With multiple files in a directory, you can run the directory as a cli command. The Instacli scripts will be subcommands.
For this example we run from the samples directory. It contains a directory basic
with the following
files:
create-greeting.cli
greet.cli
greeting.yaml
multiple-choice.cli
output.cli
simple-question.cli
We can now run basic as a cli command with subcommands for each of the files. First, let's use the --help
option
to see some more descriptions
cli --help basic
Simple Instacli example scripts
Available commands:
create-greeting Creates a greeting and puts it in the output
greet Prints a greeting
multiple-choice Interaction example
output Sets test output
prompt Simple interactive prompt
We can now invoke the greet command like this:
cli basic greet
With the expected output:
Hello, World!
Note that it's optional to specify the .cli
extension. The following three commands are equivalent:
cli basic greet
cli basic greet.cli
cli basic/greet.cli
When invoking a directory without the --help
parameter, Instacli lets you select the command with an interactive
prompt. This is a great way to explore the commands and subcommands!
cli basic
Simple Instacli example scripts
* Available commands:
> create-greeting Creates a greeting and puts it in the output
greet Prints a greeting
output Sets test output
prompt-multiple-choice Interaction example
prompt-simple-question Simple interactive prompt
We showed above that you can call another Instacli script from within an Instacli script with the Run script command.

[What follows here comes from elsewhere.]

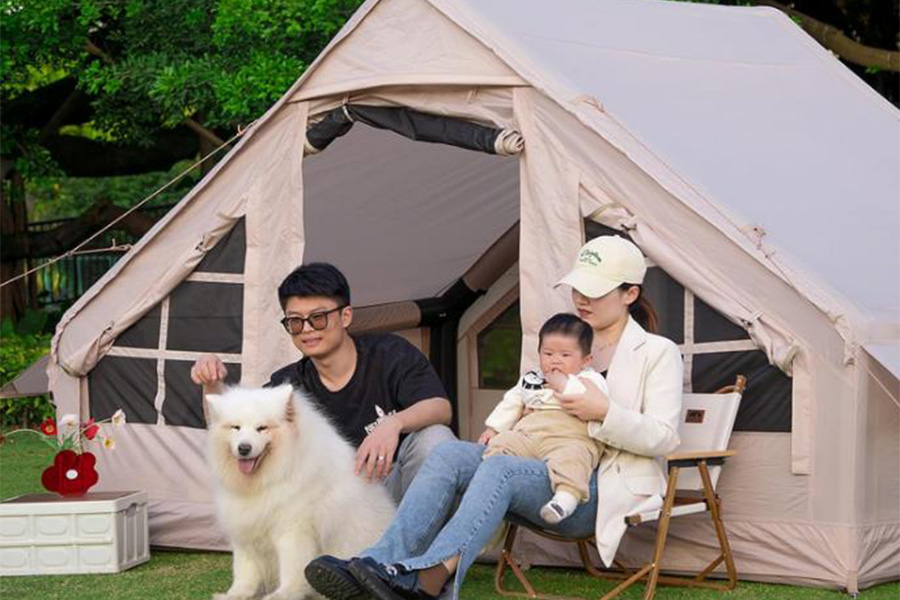 best 5 man tent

Another way is to use it as a regular command. Instacli reads all cli files in the same directory and makes them available as commands in the current script. While doing so, it transforms file names in "kebab-style" to "Sentence style".
For example, suppose we have a file create-greeting.cli
, that creates a greeting and puts it in the output:
Script info:
description: Creates a greeting
input:
name: Your name
Output: Hello ${input.name}!
We can now call it as Create greeting
from a script in the same directory:
Code example: Calling another cli file
Create greeting:
name: Cray
Expected output: Hello Cray!
Each directory can have a .instacli.yaml
file that contains metadata about the directory.

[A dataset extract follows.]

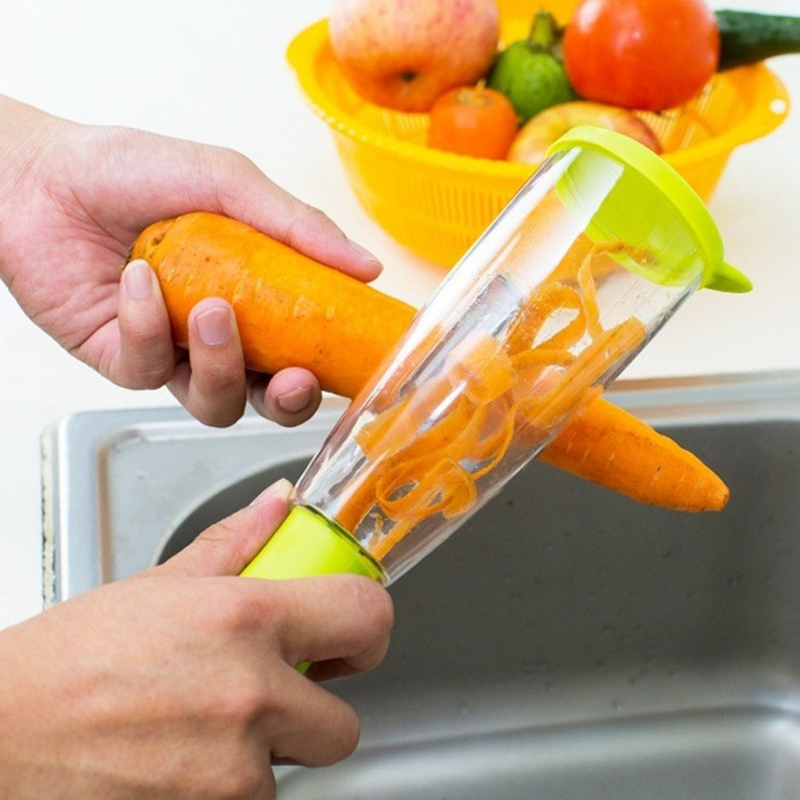 BowLift | Multifunctional Peeler with Storage Box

You can give the directory a readable description, import cli files from other directories and manage http connection data.
Add a .instacli.yaml
file to the directory to give a description to the current directory.
Script info: This is an example directory
The information is printed when displaying help for the directory:
cli --help .
This is an example directory
Available commands:
create-greeting Creates a greeting
say-something Say something
Hidden directory
You can hide the directory from the interactive command chooser by setting the hidden
property to true
.
For example take the following .instacli.yaml
file in the subcommand
directory:
Script info:
hiddent: true
It will not show up as a subcommand when invoking cli --help
.
You can indicate the version of the Instacli spec that the script is using.
Script info:
instacli-spec: v0.1
Out-of-the-box, you can call a script from within the same directory as a regular Instacli command.

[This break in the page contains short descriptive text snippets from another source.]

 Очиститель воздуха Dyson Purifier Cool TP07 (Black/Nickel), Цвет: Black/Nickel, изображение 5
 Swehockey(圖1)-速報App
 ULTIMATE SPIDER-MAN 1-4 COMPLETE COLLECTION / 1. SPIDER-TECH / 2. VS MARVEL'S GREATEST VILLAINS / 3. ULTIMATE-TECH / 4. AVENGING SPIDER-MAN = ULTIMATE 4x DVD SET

To call a script from another directory, you can import it in the .instacli.yaml
file. This will import it for all
scripts in that directory.
For example, if we have the file helper/say-something.cli
:
Output: Something ${input.what}
And we have it in the .instacli.yaml
file as follows:
Script info: This is an example directory
imports:
- helper/say-something.cli
Then you can call it like this from your script:
Code example: Calling a script that was imported from another directory
Say something:
what: funny
Expected output: Something funny
The .instacli.yaml
file also contains a connections
settings for retrieving HTTP connection credentials. See the
Connect to command for more details.